2010 Fiscal Year Annual Research Report
量子スピン液体から生まれる新奇な磁気秩序の理論的研究
Project/Area Number |
21540379
|
Research Institution | Saitama University |
Principal Investigator |
飛田 和男 埼玉大学, 理工学研究科, 教授 (20133704)
|
Keywords | ダイヤモンド鎖 / 量子化フェリ磁性 / 部分フェリ磁性 / ハルデン状態 / 混合スピン鎖 / 量子臨界現象 / フラストレーション / 強磁性ラダー |
Research Abstract |
当初計画に加え、埼玉大学における新物質の合成を機にその解析に重点をおいた。また、高スピン1次元量子反強磁性体に関連してスピン1-1/2混合スピンダイヤモンド鎖の研究を行った。 1.スピン1-1/2混合スピンダイヤモンド鎖ハイゼンベルグモデルに対し、種々のひずみを導入した場合に現れる基底状態の多様な相について理論的に研究した。 a)一様ひずみを導入した場合、基底状態はハルデン状態またはフェリ磁性状態となるが、特に、フェリ磁性状態にはその自発磁化が飽和磁化の1/p(p=2,3,4)に量子化される量子化フェリ磁性状態に加え、系のパラメータとともに磁化が連続的に変化する部分フェリ磁性状態が実現する領域があることが分かった。

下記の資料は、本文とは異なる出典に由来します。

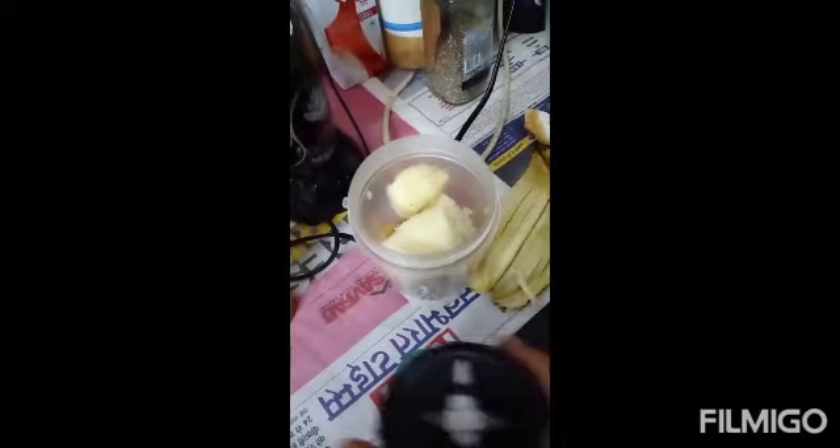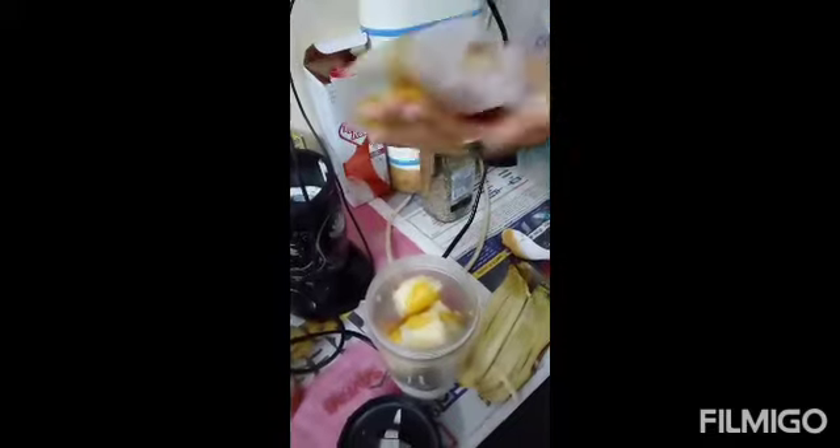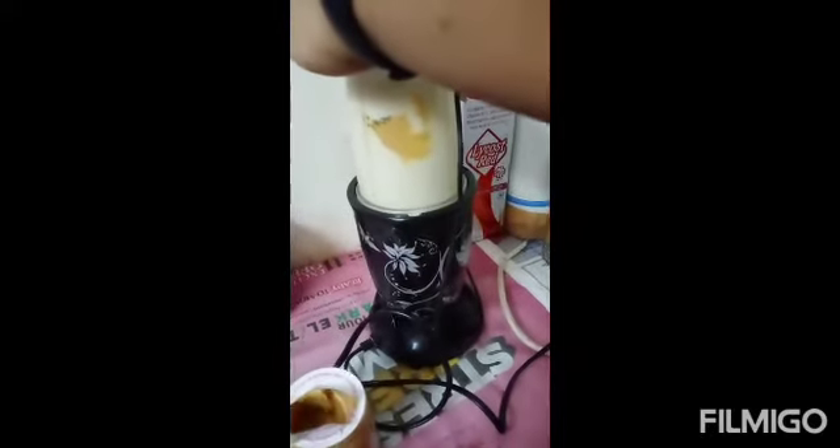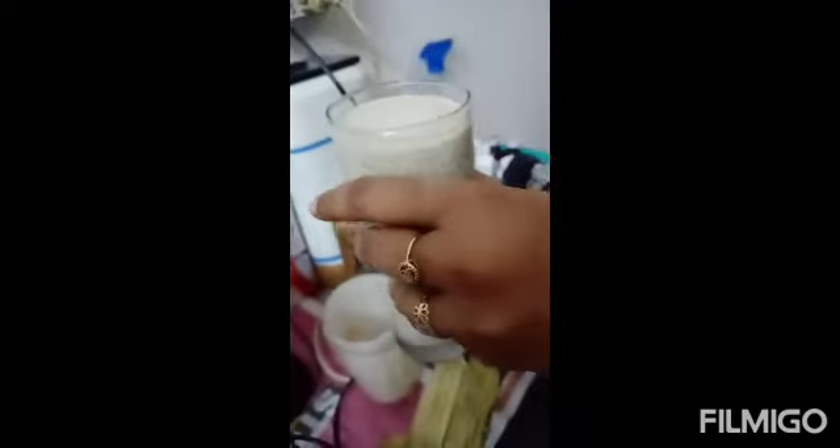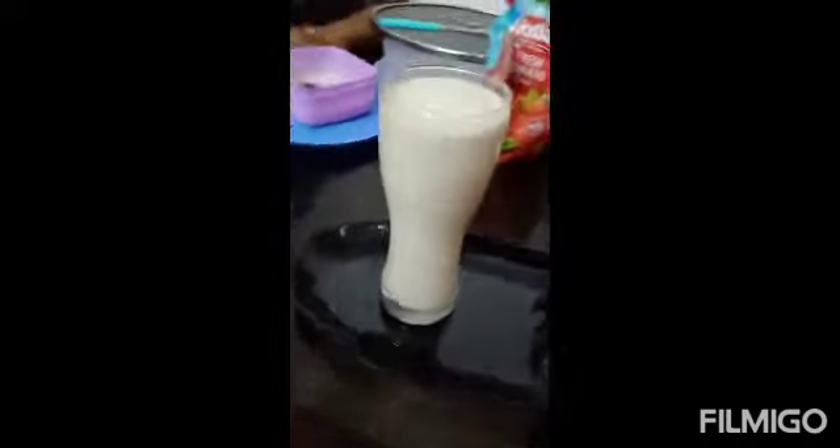For taste I will use honey, so it's a completely diet smoothie. First we'll mix it, grind it properly. I will serve it in a glass. It's very healthy and very tasty. It is ready to serve.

この状態についての低エネルギー有効理論を構築した。 b)スタッガードひずみを導入した場合、基底状態は通常のハルデン状態に加え自発的にp重に並進対称性の破れた種々のハルデン状態が実現することが分かった(p=2,3,4)。また、これら各相の低エネルギー有効理論を構築した。さらに、これらの相の間の量子相転移の臨界的振る舞いを調べ、p-クロック模型と同じ臨界現象を示すことを明らかにした。 2.フラストレーションリアルスピン1/2の強磁性ラダー物質Chlorido-Bridged Dinuclear Copper(II)Complexes with 2-Methylisothiazo1-3(2H)-oneについて数値対角化および修正スピン波近似により帯磁率の温度依存性を調べ、交換相互作用の評価を行った。 3.ランダム桁梯子モデルについては、まずは対応する周期系の性質を押さえることが重要であること明らかになった。次年度も続けてこの方向で研究を進める。